Code for Deserializing Millions Of Messages Per Second Per Core article.
The code shows the evolution of deserialization pipeline for Avro messages and is roughly separated into 4 parts:
- Baseline implementation using Apache Avro deserializer (
tsdb.benchmark_01
); - A manually written parser which parses message by a fixed schema using byte operations on
source byte array (
tsdb.benchmark_02
); - An improvement of manually written parses which does string interning - instead of parsing
string fields it matches string payload to unique id such that same payloads has same id
and different strings has different ids. It has two sub versions - one stores strings in a HashMap,
while another uses array (
tsdb.benchmark_03
); - A concurrent version of the parser, which uses concurrent string interner to
have a synchronized view on string ids (
tsdb.benchmark_04
).
The parser (with slight changes) is powering deserialization pipeline in Agoda's internal
distributed high-load time-series database. tsdb.deserialize.InterningAvroDeserializerArrayTags
is the final version of the deserializer with tsdb.interner.ConcurrentStringInterner
used for string interning.
JDK11+ is required. Install SBT to run benchmarks without IDE, or install Scala plugin and import as SBT project.

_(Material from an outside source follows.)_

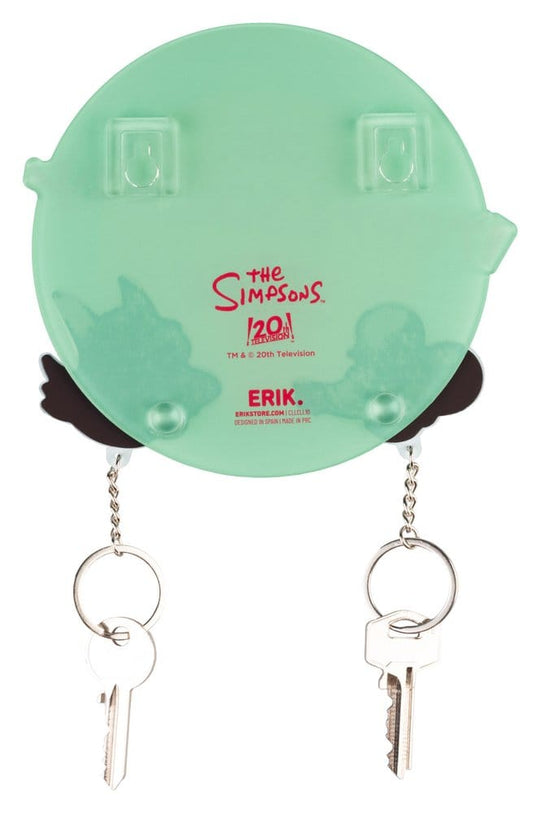 The Simpsons Key Holder 16 x 16 cm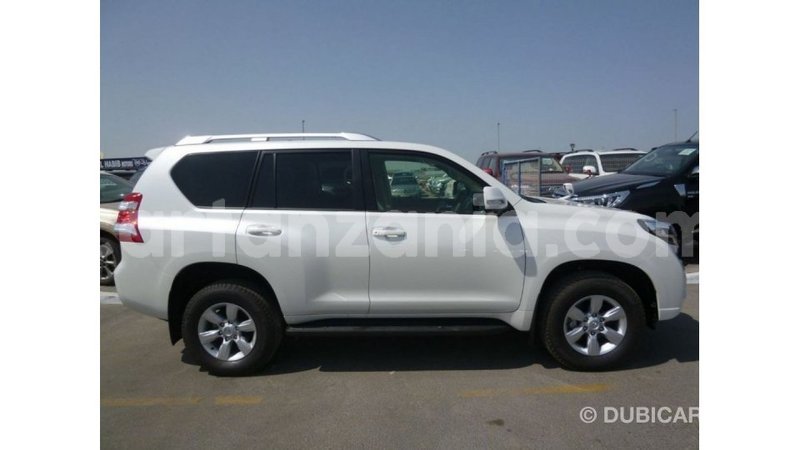 Big with watermark toyota prado arusha import dubai 8714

Following command will run all benchmarks for 10 forks, 4 threads, 10 warmup iteration, 30 measure iterations, "Fail on error" enabled and 1 second per warmup/measure iteration:
sbt 'jmh:run -f 10 -t 4 -wi 10 -i 30 -w 1 -r 1 -foe true'
With these settings and given 5 benchmarks the whole run will take ~35 minutes. It is advised to not run anything else besides benchmark on the machine and provide sufficient cooling, otherwise performance numbers might drift or be too noisy.